Looking back, this period of the 100 Day Project seemed to flow a bit better from one idea to another.  I got into a groove. I enjoyed playing with each new idea and felt like I was generally successful with the results.

For pendants #27 to #35 I kept the oval shape and pieced together liquid clay veneers. I exposed the grid between the veneers and in windows. But primarily used it as an armature and bail. I do like the pinch bail on #27 and the way the grid extends on the side (rather than centered) on #34. I added some additional elements onto prongs from the grid either above (#34), on the top (#32 and #33) or to the side of the main design (#35).

Piece #36 was a transition from the oval shape to interlocking rectangles, fairly simple. But then I thought why limit myself to circles OR rectangles!  A light went off and I started having some fun combining shapes and sometimes had shapes fitting in and around others #37 to #41. I also liked the small elements added to the surfaces of selected pieces.  These are particularly whimsical and fun. They might be some of my favorites.

From #42 to #45 I focused on the liquid clay veneers.  I layered different colors, scale of patterns, mixed stencils and mark making to create veneers. While I kept the shapes simple on these four, I probably should have used a solid blend to have a quiet space.  I struggled a bit with these four.

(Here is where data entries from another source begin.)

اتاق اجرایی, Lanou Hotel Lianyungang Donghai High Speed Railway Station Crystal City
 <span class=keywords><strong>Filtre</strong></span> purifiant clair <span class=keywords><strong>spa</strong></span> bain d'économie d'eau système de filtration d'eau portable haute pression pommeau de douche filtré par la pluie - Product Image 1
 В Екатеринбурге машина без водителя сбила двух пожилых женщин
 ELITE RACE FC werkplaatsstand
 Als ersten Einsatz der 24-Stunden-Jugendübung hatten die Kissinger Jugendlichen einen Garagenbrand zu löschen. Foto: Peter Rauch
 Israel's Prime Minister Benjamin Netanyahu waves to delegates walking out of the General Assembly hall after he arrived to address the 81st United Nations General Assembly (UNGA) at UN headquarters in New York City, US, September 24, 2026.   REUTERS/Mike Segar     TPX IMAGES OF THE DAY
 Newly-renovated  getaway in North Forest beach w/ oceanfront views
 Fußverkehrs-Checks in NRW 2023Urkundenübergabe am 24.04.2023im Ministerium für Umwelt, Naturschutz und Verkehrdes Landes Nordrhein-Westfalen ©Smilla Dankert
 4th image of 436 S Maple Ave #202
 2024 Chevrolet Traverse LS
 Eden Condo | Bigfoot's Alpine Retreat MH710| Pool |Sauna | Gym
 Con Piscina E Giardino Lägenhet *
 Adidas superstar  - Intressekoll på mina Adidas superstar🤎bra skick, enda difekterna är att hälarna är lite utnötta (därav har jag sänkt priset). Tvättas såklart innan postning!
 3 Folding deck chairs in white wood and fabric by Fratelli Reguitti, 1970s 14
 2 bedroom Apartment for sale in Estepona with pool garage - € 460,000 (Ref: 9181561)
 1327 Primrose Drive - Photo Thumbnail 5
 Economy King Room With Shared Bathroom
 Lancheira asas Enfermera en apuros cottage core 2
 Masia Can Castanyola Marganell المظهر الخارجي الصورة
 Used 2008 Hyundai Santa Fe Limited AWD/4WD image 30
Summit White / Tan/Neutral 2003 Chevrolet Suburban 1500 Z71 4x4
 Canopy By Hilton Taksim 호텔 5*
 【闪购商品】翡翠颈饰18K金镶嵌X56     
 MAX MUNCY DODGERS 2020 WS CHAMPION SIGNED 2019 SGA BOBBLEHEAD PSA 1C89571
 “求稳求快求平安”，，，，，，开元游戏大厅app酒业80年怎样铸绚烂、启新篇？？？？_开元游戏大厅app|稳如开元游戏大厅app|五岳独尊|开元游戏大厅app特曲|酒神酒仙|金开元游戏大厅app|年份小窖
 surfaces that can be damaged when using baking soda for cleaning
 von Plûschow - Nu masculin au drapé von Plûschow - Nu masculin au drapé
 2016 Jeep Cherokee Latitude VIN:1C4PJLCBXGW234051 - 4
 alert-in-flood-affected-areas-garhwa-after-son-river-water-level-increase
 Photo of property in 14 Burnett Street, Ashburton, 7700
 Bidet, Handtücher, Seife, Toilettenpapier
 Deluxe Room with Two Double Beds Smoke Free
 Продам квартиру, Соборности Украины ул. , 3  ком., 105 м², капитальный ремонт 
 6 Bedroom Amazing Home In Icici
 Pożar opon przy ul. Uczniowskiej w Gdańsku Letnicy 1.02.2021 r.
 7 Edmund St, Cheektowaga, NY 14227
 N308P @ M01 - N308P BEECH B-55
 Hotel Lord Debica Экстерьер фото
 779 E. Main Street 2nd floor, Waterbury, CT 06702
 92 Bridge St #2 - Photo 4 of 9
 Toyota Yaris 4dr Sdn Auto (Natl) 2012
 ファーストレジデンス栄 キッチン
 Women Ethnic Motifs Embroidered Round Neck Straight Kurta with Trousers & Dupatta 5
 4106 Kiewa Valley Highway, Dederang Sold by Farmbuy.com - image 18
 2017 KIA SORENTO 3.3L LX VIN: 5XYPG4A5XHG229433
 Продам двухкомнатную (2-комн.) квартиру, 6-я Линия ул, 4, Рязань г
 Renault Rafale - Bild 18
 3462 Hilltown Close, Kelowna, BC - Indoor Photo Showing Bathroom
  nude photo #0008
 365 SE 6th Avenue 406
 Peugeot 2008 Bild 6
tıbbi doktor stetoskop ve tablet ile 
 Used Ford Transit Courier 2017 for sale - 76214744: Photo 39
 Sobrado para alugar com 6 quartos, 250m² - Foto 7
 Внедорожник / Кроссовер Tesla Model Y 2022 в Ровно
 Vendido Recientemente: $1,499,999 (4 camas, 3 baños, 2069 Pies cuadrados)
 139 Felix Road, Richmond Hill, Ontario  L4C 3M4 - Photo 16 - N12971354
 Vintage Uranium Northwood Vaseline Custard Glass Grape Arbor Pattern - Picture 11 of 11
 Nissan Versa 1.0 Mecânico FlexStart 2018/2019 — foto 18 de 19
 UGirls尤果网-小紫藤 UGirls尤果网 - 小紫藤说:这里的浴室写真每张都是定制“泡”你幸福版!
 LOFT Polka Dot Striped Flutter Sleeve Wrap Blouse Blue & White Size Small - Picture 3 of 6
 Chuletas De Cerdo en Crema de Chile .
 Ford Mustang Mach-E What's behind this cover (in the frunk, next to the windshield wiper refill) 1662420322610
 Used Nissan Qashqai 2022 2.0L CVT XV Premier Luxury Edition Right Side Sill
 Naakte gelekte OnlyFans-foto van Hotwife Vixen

This is my circle phase (#46 to #54), big circles, small circles, stacked, clustered and tilted. I do love a circle! Using a single, solid complimentary color with a group of veneers ties them all together and gives the eye a place to rest.  There is so much you can do with just circles. I could have made many more combinations but decided I needed to move on.

I hope you enjoyed this part of the 100 Day Project as much as I did.  This officially gets us to a little more than the half-way point.  I can’t wait to see what comes next!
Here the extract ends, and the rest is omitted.